A web framework for 2012.
That's really only the tip of the iceberg. They also have a PaaS to deploy your creations to, a module packager that ensures each module you use is capable of the live-updates thing, and a million other bells and whistles. It's pretty impressive.
Some random thoughts about this:
- I used to warn people against using MongoDB a lot, but they've made some recent updates that makes it warrant a second look -- so I won't hate on the basis of the DB choice for now ;-)
- It DOES bother me that Mongo is the *only* choice. Their API allows for basic key/value storage as well as for more complex relational queries, so if you can only have one DB, Mongo wasn't a horrible choice... but I don't see wide adoption of the framework without supporting more types of data.
- There is currently zero security around database access. Any client on your site has full DB access. That is frickin INSANE. But, when asked about this in the HN thread, they said they have an auth branch in the works that will cover this concern. Until then, Meteor can really only be treated as a cool toy.
- I'm really curious what the bandwidth overhead is for this. Clearly it's using websockets (and might even implement socket.io; I haven't looked at it yet) but what all gets sent down when you save a one-line change? It's worth looking at.

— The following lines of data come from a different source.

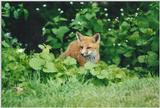 Edwards Gardens 0529 - Red Fox (Vulpes vulpes)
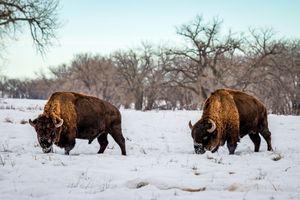 Buffalo eating breakfast one early cold winter morning at the Rocky Mountain Arsenal, Colorado.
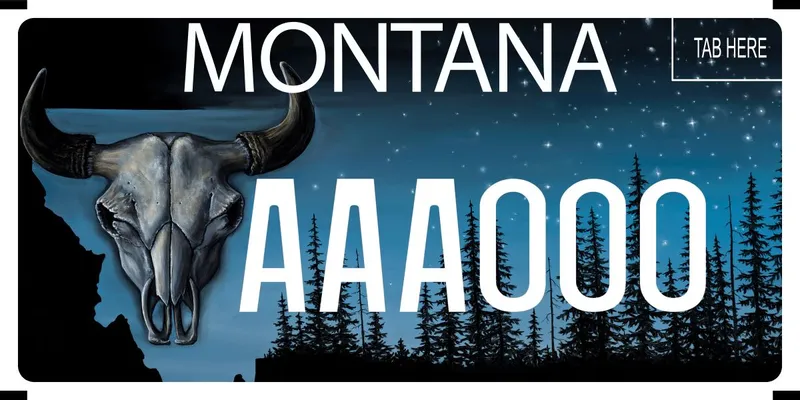 A black license plate with white text and a blue outline of state. A buffalo skull is on left with black silhouettes of pine trees along bottom. White stars in upper sky.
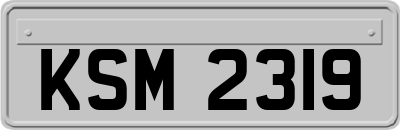 KSM2319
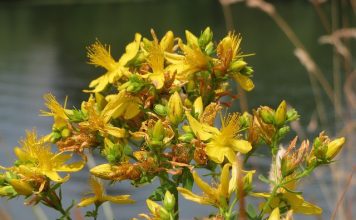 Зверобой продырявленный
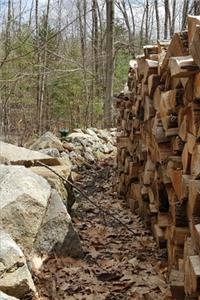 2020 Weekly Planner Late Fall Woodpile Stone Wall Forest Photo 134 Pages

- The variable dependency detection in the live functions (if you watched the screencast) is fucking MAGIC and I can't WAIT to read the source to see how the hell they pulled that off.
- The license is GPL. Meaning, if you want to use this for something closed-source, you're probably going to have to pay money for a commercial license. That's kinda crappy. I'd rather they profit off of their PaaS than lock down the actual library itself.